Discharge Medications
Upon discharge, the patient was prescribed medications for infection prevention, gastric acid control, pain and inflammation management, liver function support, fluid and electrolyte balance, nutritional supplementation, general vitamin and mineral support, and maintenance of hydration and electrolyte status.
Advice on Discharge
The patient was instructed to ambulate regularly, ensure proper wound care, and adhere to a low-salt, high-protein diet.
Emergency Care
The patient was informed to contact the emergency ward at PACE Hospitals in case of any emergency or development of symptoms such as fever, abdominal pain, or vomiting.
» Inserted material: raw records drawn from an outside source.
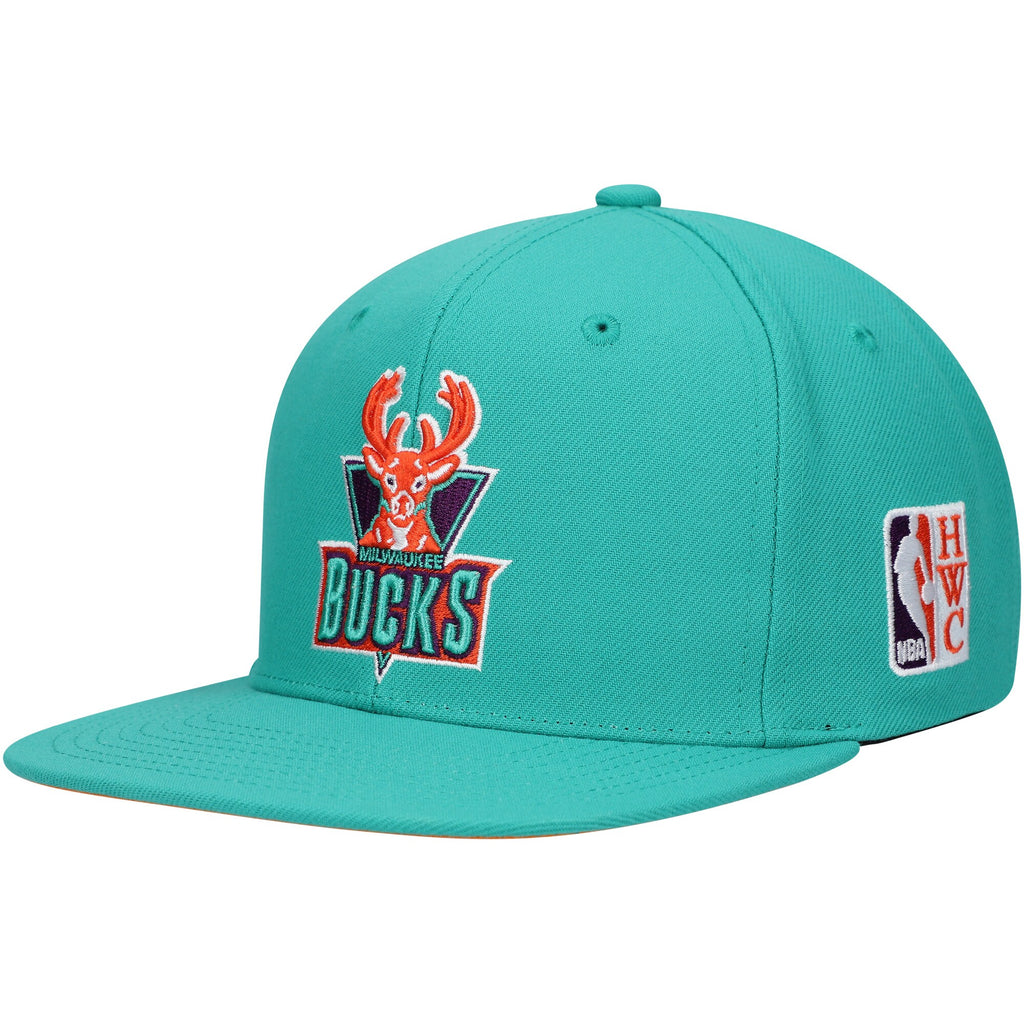 [HHSS5139-MBUYYPPPTEAL] MENS NBA MILWAUKEE BUCKS DESERT GREEN SNAPBACK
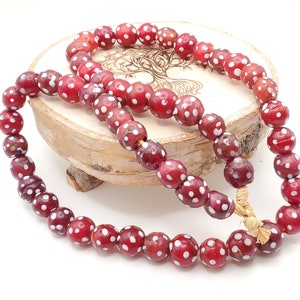 Venetian Red And White Dot Skunks, African Trade, Beads late 19th, centuries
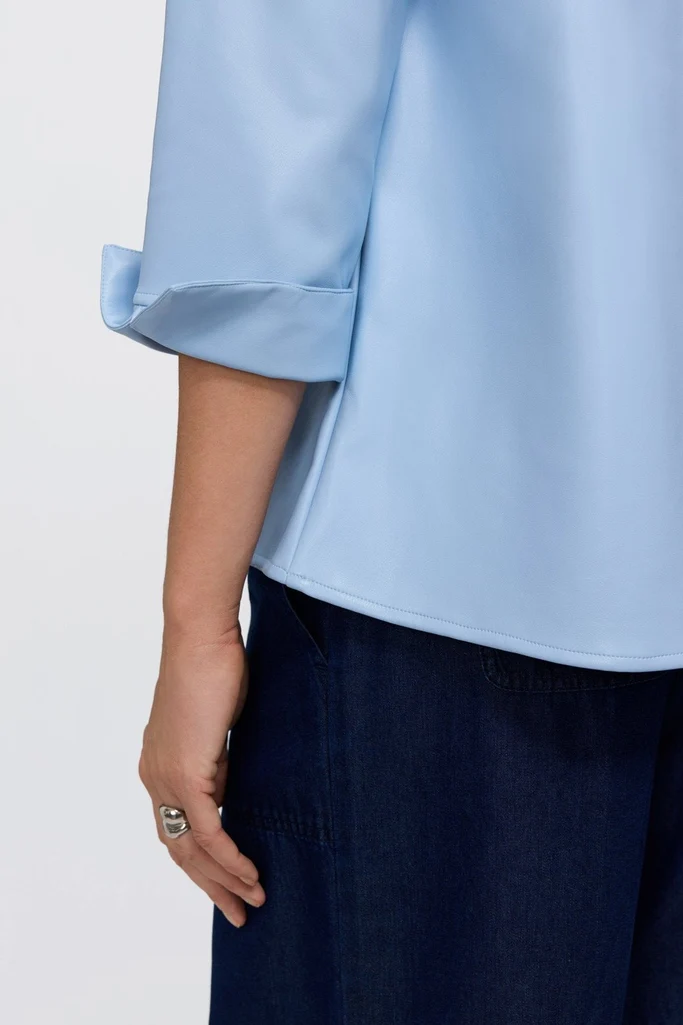 Agnes Vegan Leather Long Sleeve Popover Shirt - Image 7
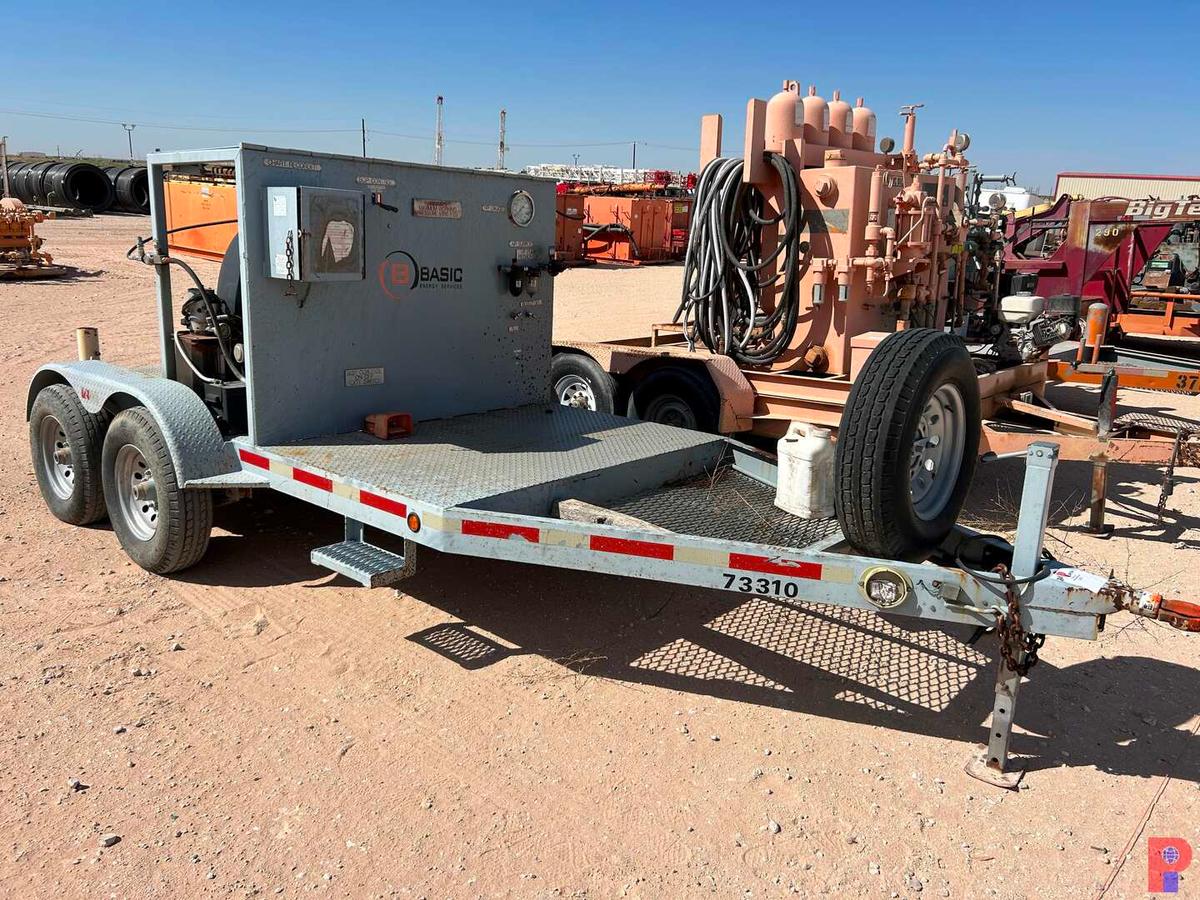 2012 M/R FABRICATION 16 T/A 5K PSI BLOWOUT PREVENTER TEST UNIT BUMPER PULL TRAILER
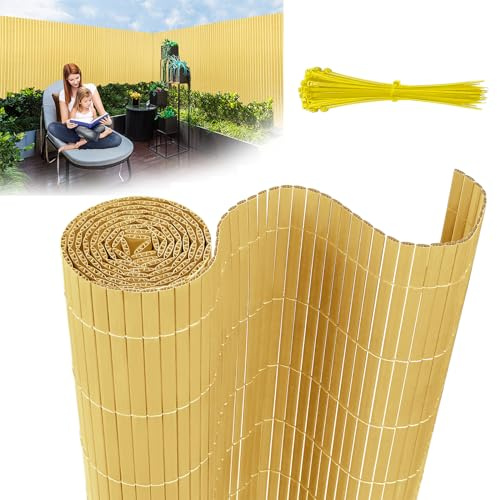 YUENFONG 80x300cm Sichtschutzmatte PVC Sichtschutzzaun Windschutz Gartensichtschutz mit Kabelbindern, für Balkon, Garten, Terrasse, Außenbereich, Bambus Farbe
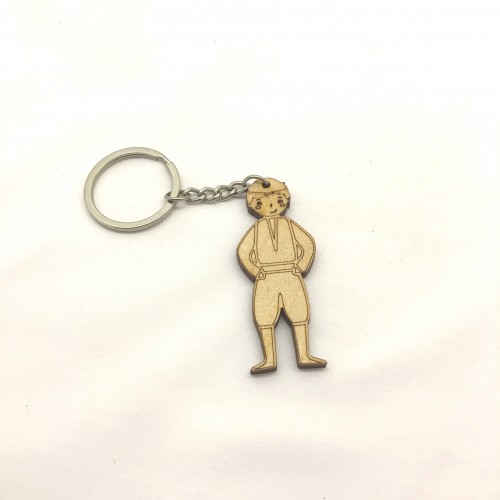 Wooden figure for keyring or magnet Cretan man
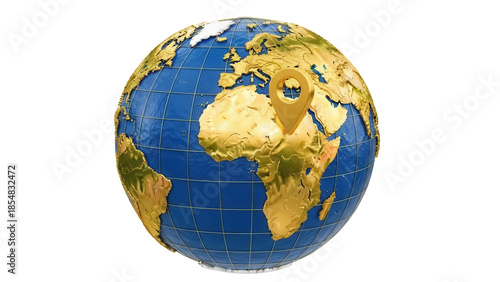Globe with golden continents and blue oceans isolated PNG, world map with location pin on transparent background for travel and geography concepts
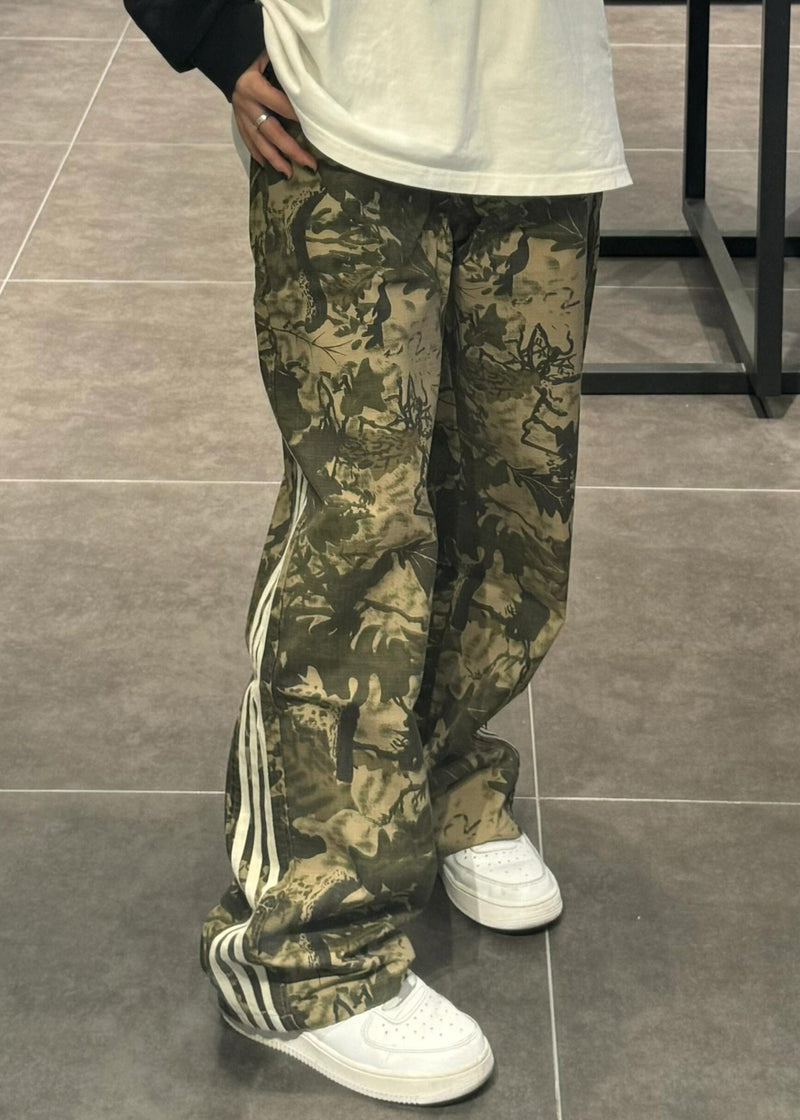 Green Trousers Pants Cotton Army Print Oversized Unique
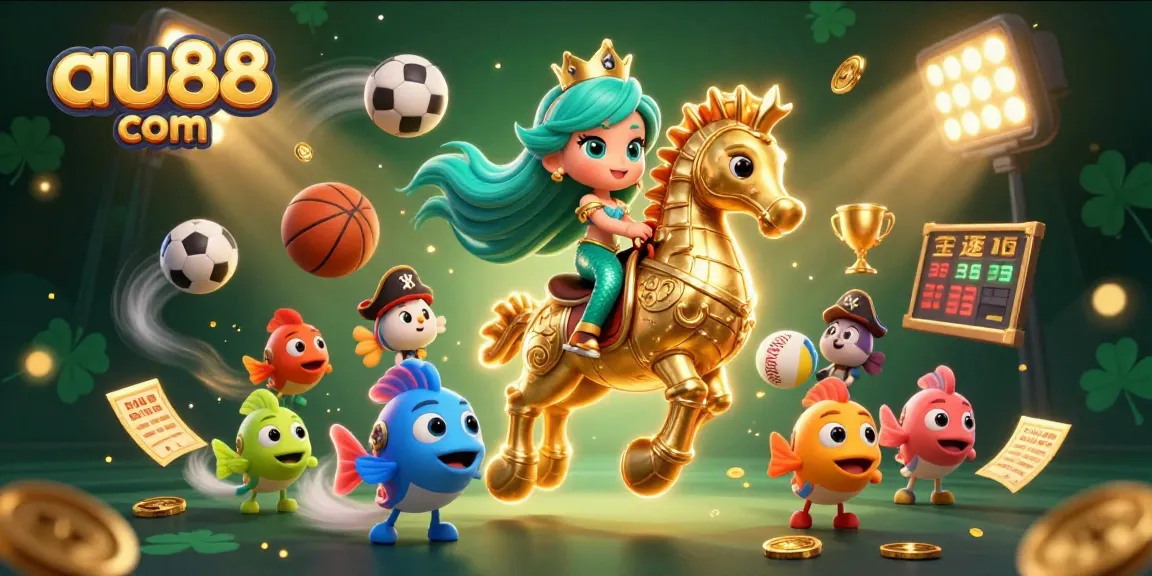 Experience thrilling gambling at au88 com with our vibrant 3D casino scene featuring mermaids and sports elements.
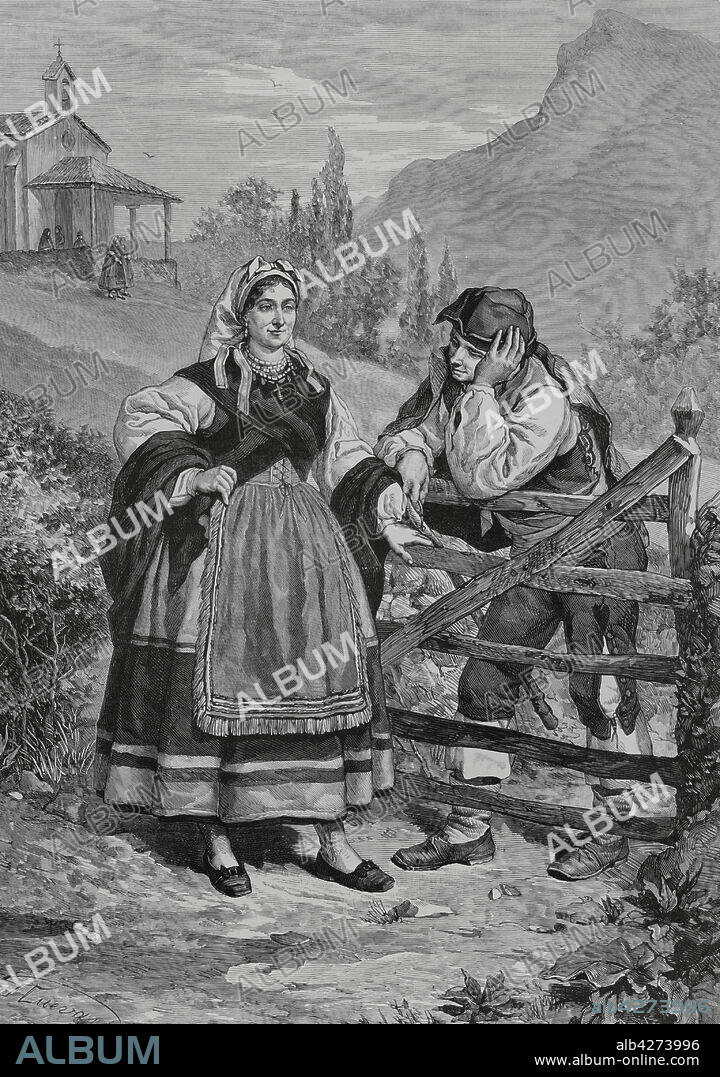 TOMÁS CARLOS CAPUZ (1834-1899). SPANISH ENGRAVER.. España. Asturias. Concejo de Oviedo. Al salir de misa. Composición y dibujo de J. Cuevas. Grabado por Capuz. La Ilustración Española y Americana, 1882.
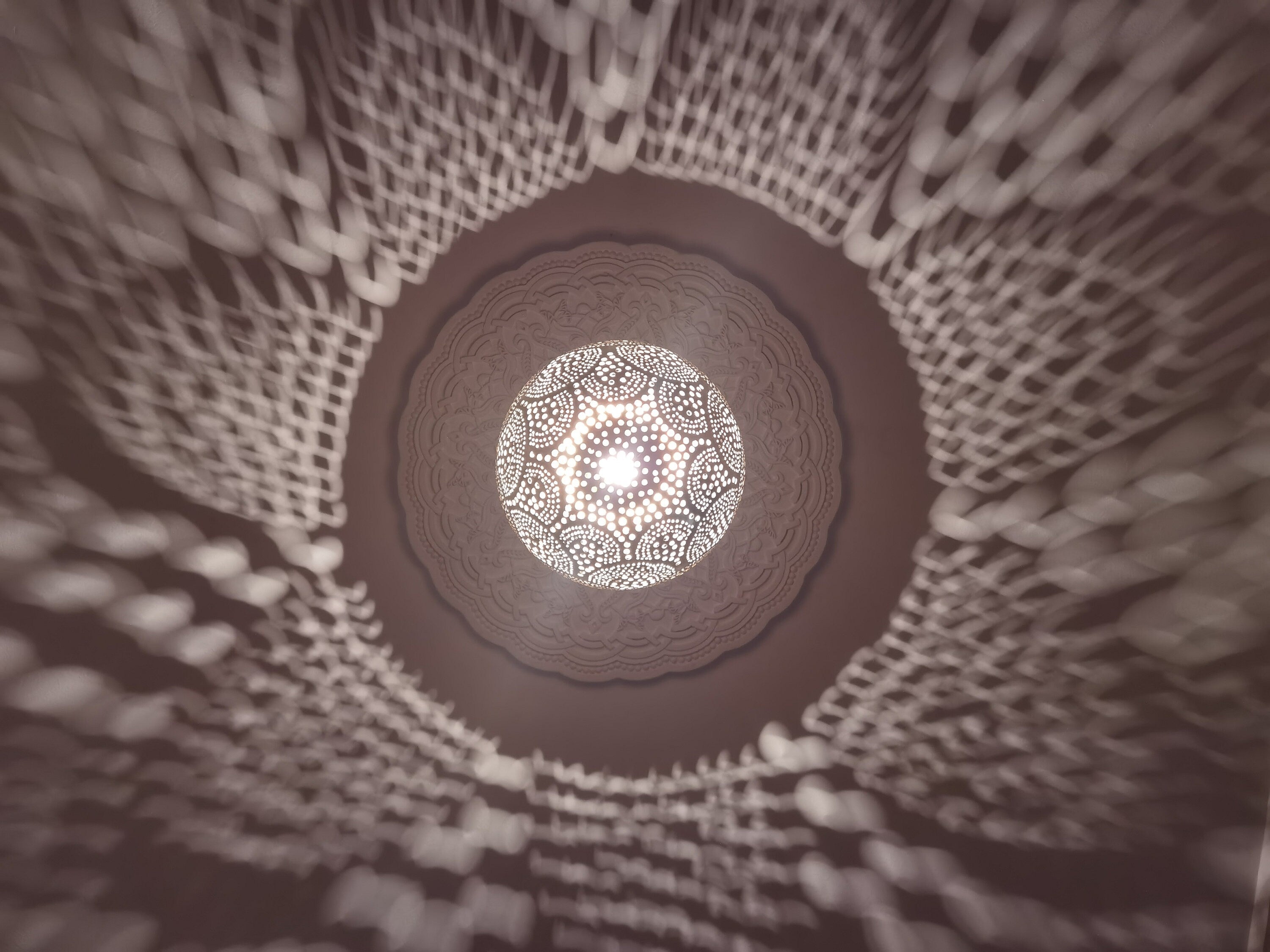 Moroccan Brass Pendant Light: Handmade Pierced Ceiling Lamp
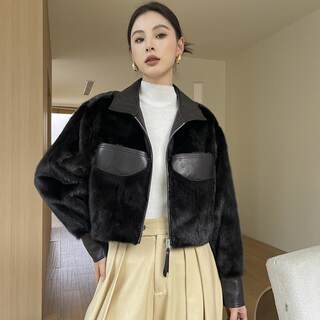 European Goods 2025 Winter New Style Lapel Short Sheepskin Coat with Mink Fur Trim for Petite Figures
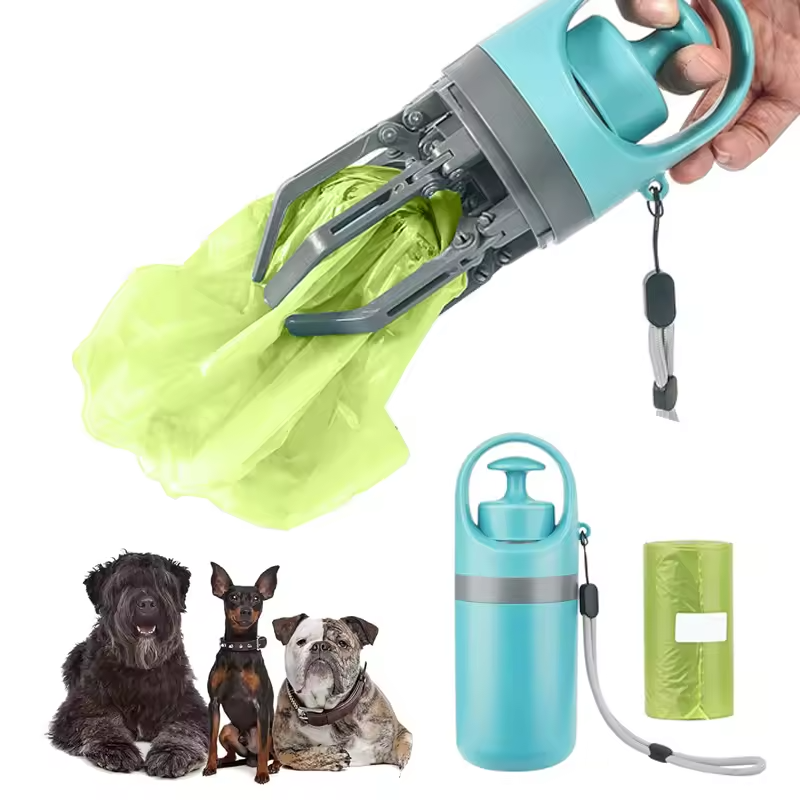 Dog Pooper Scooper with Waste Bags Portable Pet Poop Picker Grabber Tool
Review and Follow-up Notes
The patient was advised to return for a follow-up visit with the Gastroenterologist in Hyderabad at PACE Hospitals after 1 week for further evaluation.
Conclusion
This case highlights a diagnosis of locally advanced, unresectable adenocarcinoma of the pancreatic head with liver metastasis. The patient underwent a diagnostic laparotomy with frozen section followed by a palliative Roux-en-Y hepaticojejunostomy, which was performed uneventfully. During the hospital stay, supportive care was provided, resulting in symptomatic improvement. At discharge, the patient was stable and advised to maintain regular ambulation, proper wound care, and a balanced diet, with planned follow-up coordinated through International Patient Services to ensure seamless care and monitoring.
Multidisciplinary Challenges in Complex Pancreatic Disease
Management of advanced pancreatic malignancy often involves multiple organ systems and requires careful coordination between gastroenterology, surgery, and pulmonology. Patients are at high risk of obstructive jaundice, recurrent infections, nutritional deficiencies, and postoperative wound complications, particularly after palliative or extensive surgical procedures. Timely interventions such as image-guided biopsies, biliary stenting, and reconstructive surgeries by a surgical gastroenterologist / surgical gastroenterology doctor must be balanced with rigorous infection control, wound care, and nutritional optimization.
Continuous monitoring and multidisciplinary follow-up are essential to detect complications early and ensure appropriate supportive care. These cases emphasize the importance of integrated, patient-centered care, proactive complication management, and coordination across specialties to optimize outcomes in a high-risk, often frail population.